■ **Source records**:
━━━━━━━━
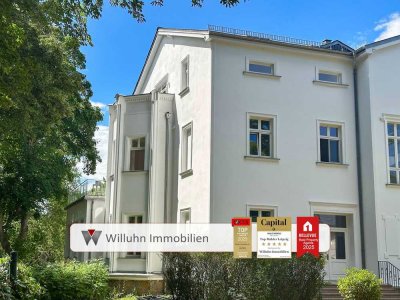 Charmante Denkmalwohnung mit Westbalkon l Aufzug | Tiefgaragenstellplatz optional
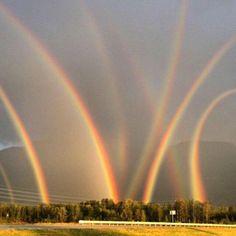 three rainbows in the sky over a highway with mountains in the backgroud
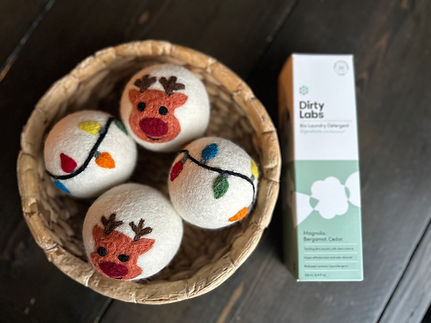 4 dryer balls and dirty labs laundry detergent.jpeg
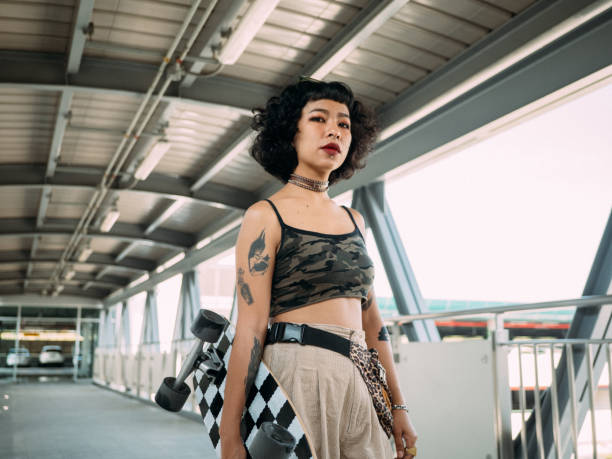 Hipster asian women going to play skateboarding.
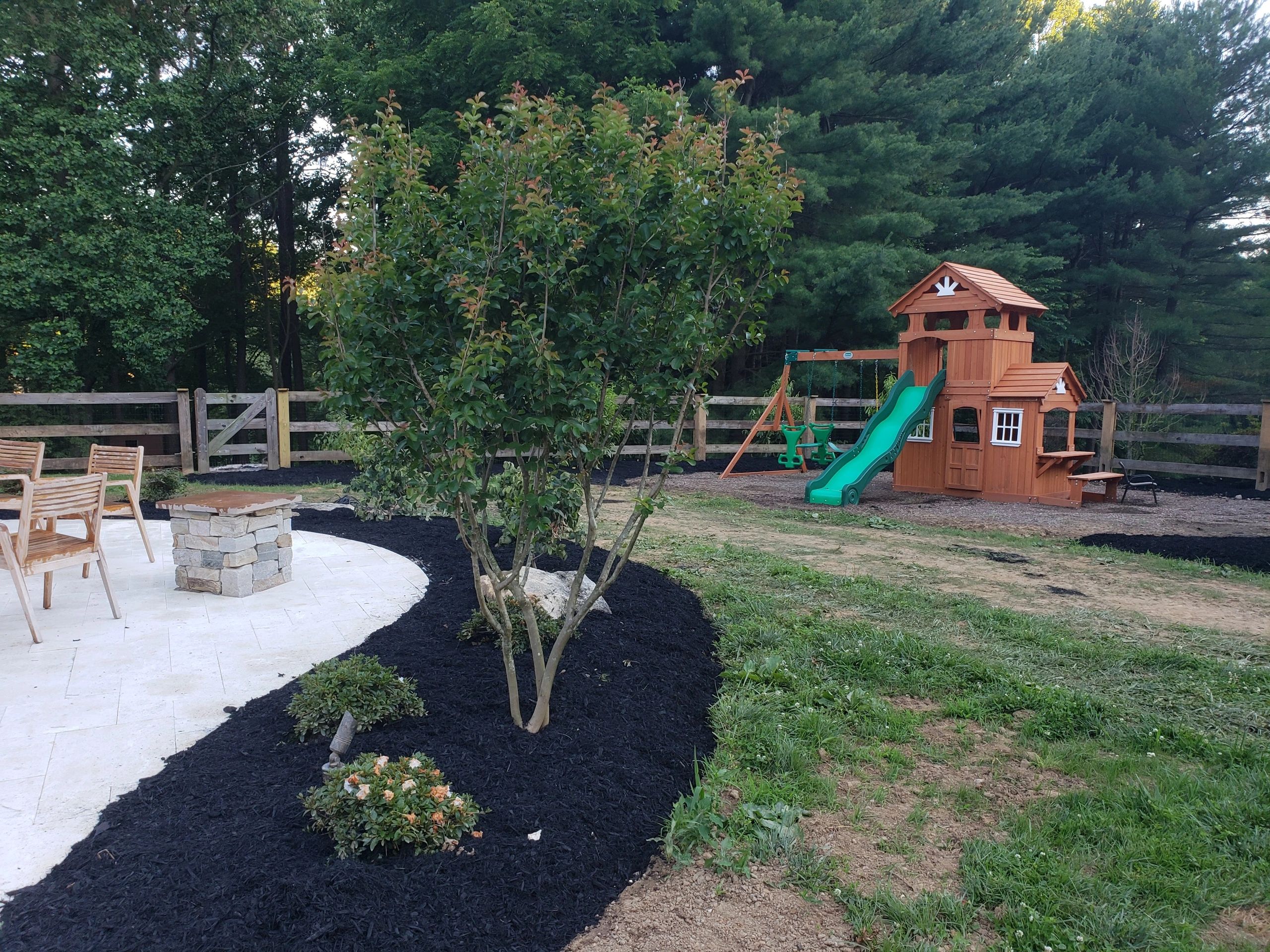 Backyard with a small patio, fire pit, landscaped garden, a wooden playset with a slide and swings.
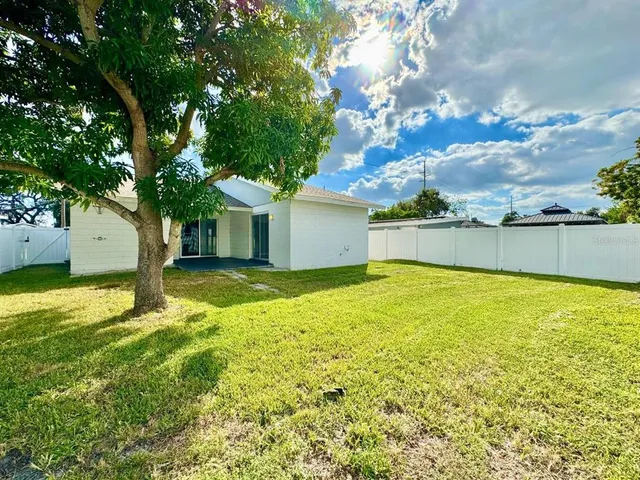 a view of a backyard with large trees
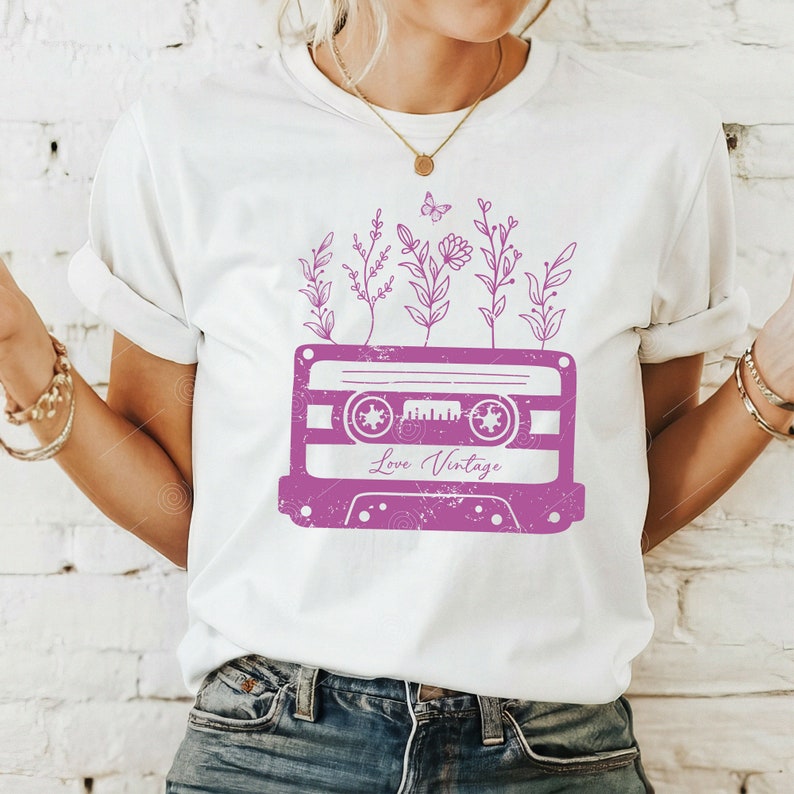 May include: White t-shirt with a pink vintage cassette tape design. The cassette tape has flowers and a butterfly growing out of it. The text "Love Vintage" is printed on the cassette tape.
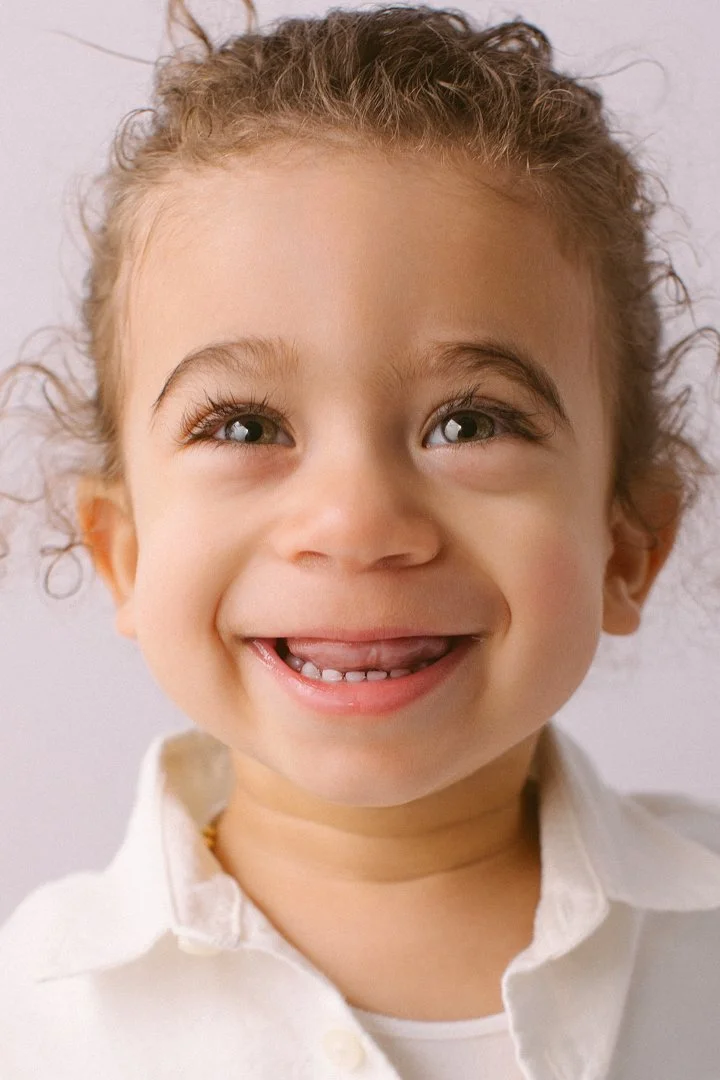Close-up of a young girl smiling and sticking out her tongue, with curly hair and bright eyes, wearing a white shirt.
━━━━━━━━
Each line from the start of the entries through the line with "Hipster asian women" is to be restated exactly, and the pictures are to be skipped.

 Charmante Denkmalwohnung mit Westbalkon l Aufzug | Tiefgaragenstellplatz optional
 three rainbows in the sky over a highway with mountains in the backgroud
 4 dryer balls and dirty labs laundry detergent.jpeg
 Hipster asian women going to play skateboarding.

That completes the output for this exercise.